The JFCS Job Development program unlocked a lot of skills that I didn't realize I had in me. A lot of the technical aptitude that I had for the world that I just didn't have a chance to practice or play around with. The ability to program and understand different languages. I didn't have a chance to utilize a computer until I went to JFCS, and then realized I was a pro.
So, I left the JFCS Job Development program around the age of 19, 20, and life still was difficult. I had limited resources, I wasn't quite ready to leave everything behind but it was kind of my shoe out of the nest moment. Studied really hard; went to GCC (Glendale Community College); worked a full-time job; went back to school again; got three or four different certifications. I was probably burning about 80 to 100 hours a week just trying to make it to the next stage. I had convinced myself that if I didn't stop, then I could move forward. And that was the most difficult thing was getting out of bed every day, not knowing if you had enough strength to continue for that day, but just convincing yourself that you did every single morning.
And after about four years, I finally got to a place where I didn't wake up every morning questioning whether or not the day was going to kill me or not. I got confident in work. Granted, work was always my escape, but I got confident in work and life. I finally achieved a balance. I stopped being a workaholic and diving into work and was able to start living a little.
So, a few years ago on Christmas Eve, I ended up going on a date. Completely random, spur of the moment. Ended up walking across the street to the park, the Steele Indian School Park, and for the next three hours we talked. And now, three years later, we're actually engaged and going to get married soon. But it's because of him that I was able to accomplish so much in the last few years.
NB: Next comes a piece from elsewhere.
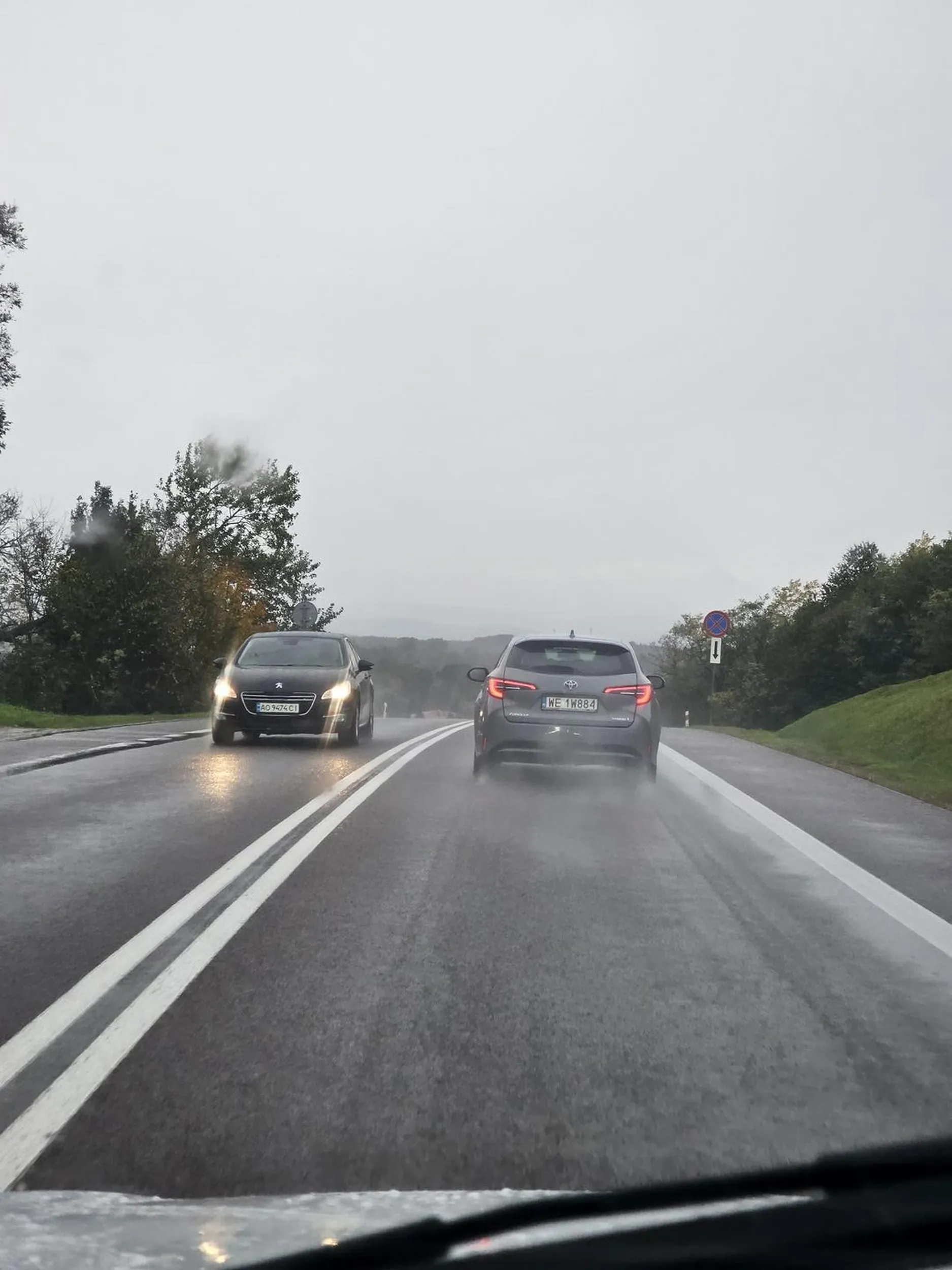 Jakim trzeba być bucem żeby wyjeżdżać w deszczu zaraz przed jadący samochód z zatoczki autobusowej?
Together, we've created Clymb to really provide every single business resource and solve every business need in one place. We partner with more than 1000 different business-centric providers. We negotiate pricing for all of our members to where they don't have to do that. We can act as an agent, we can act as a representative, we can act as a support. But in the end, a business can receive all of the resources they need, all of the services they need for every department, and we help them integrate it. We make sure that they're doing it efficiently, we make sure that they're doing it safely, and we make it possible for them to have everything they need, everything that they want, without paying a ridiculous price.
So, as we're expanding, we wanted to give back to the Job Development program in a few different ways. So not only do we have our donation box here at the counter that every customer can donate their change, we also provide a percentage of our revenue and profit directly to the Job Development program. We also host interns and we can provide them skills training within mailing and shipping and freight, cloud services, payment technology, HR and accounting. And we work with a lot of different small businesses to make that happen. We'll also be promoting that program to our general business customers to try and get more people to host an intern.
If I had any advice for someone in the program, a participant or someone going into the program, or even a child that has a difficult life, the one thing that I would say is be stubborn. Your stubbornness is the one thing that will save you. When I say that, I mean be stubborn for positive, not for negative. Take every resource given to you and take advantage of each and every one, because those will be what saves you. That's what you can rely on.